● DATA RECORDS
+ + + + +

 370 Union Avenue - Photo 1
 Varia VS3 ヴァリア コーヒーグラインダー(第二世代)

+ + + + +

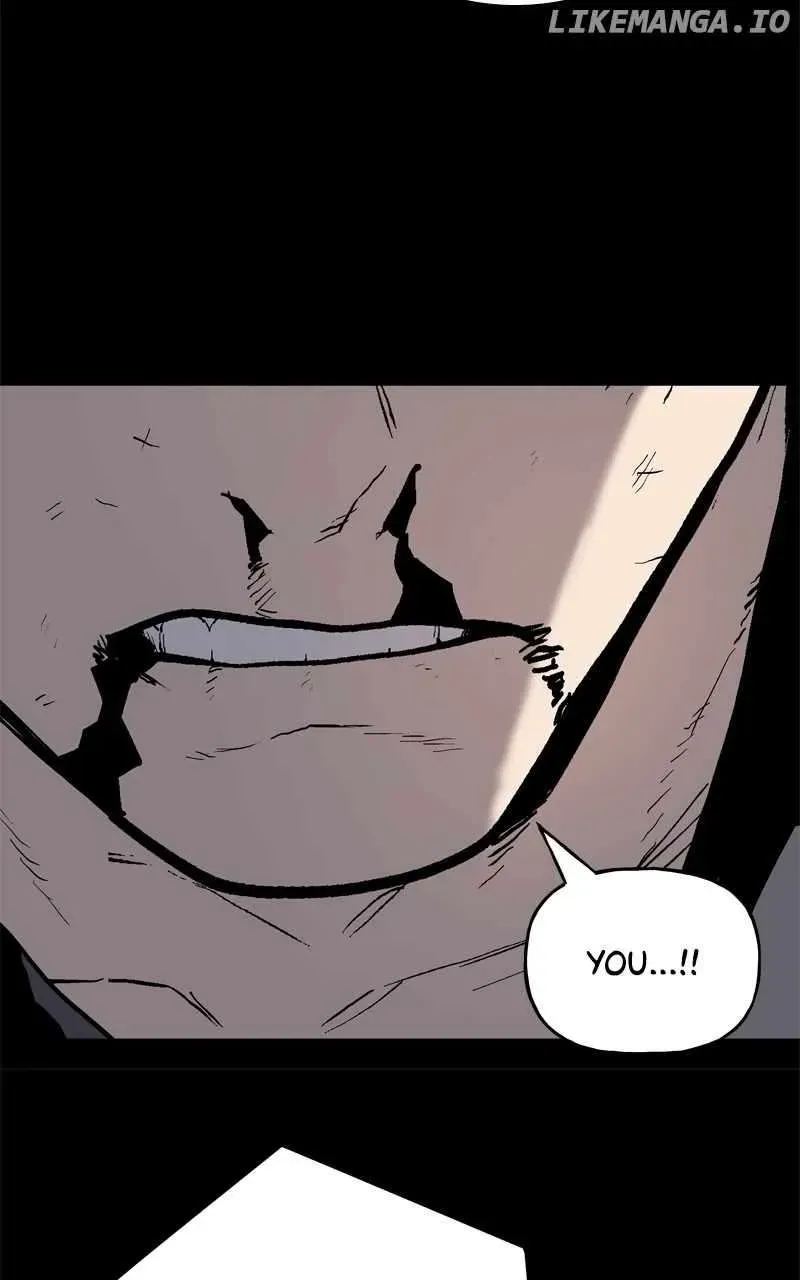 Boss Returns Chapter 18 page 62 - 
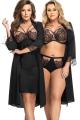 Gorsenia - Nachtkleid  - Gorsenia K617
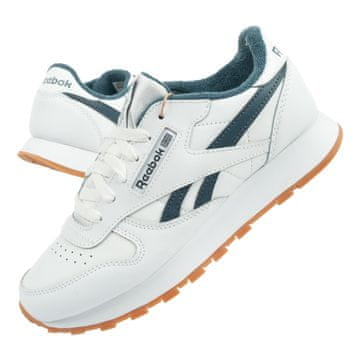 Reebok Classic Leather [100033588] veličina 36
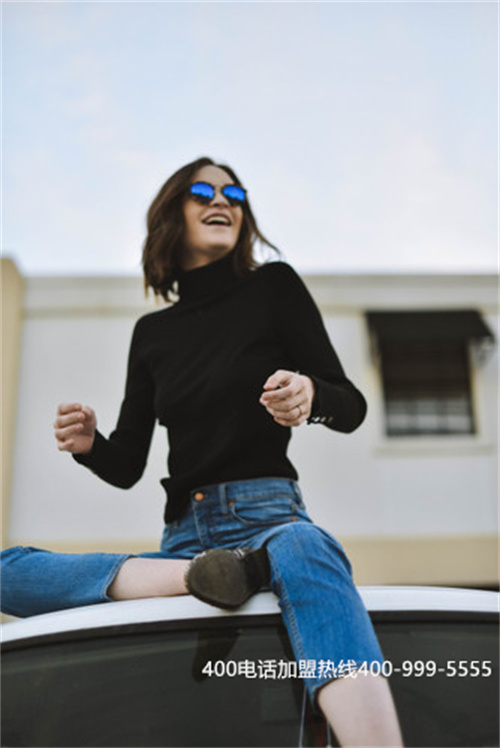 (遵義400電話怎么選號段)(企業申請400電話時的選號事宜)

+ + + + +

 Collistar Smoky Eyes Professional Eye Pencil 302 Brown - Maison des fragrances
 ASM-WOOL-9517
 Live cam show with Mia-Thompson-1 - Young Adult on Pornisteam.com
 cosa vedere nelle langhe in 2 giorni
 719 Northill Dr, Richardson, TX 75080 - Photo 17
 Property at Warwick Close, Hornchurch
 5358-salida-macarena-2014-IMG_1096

+ + + + +

● TASK OBJECTIVE
Your task is to find every line above containing the word "Photo" and copy it.

● EXERCISE SOLUTION
 370 Union Avenue - Photo 1
 719 Northill Dr, Richardson, TX 75080 - Photo 17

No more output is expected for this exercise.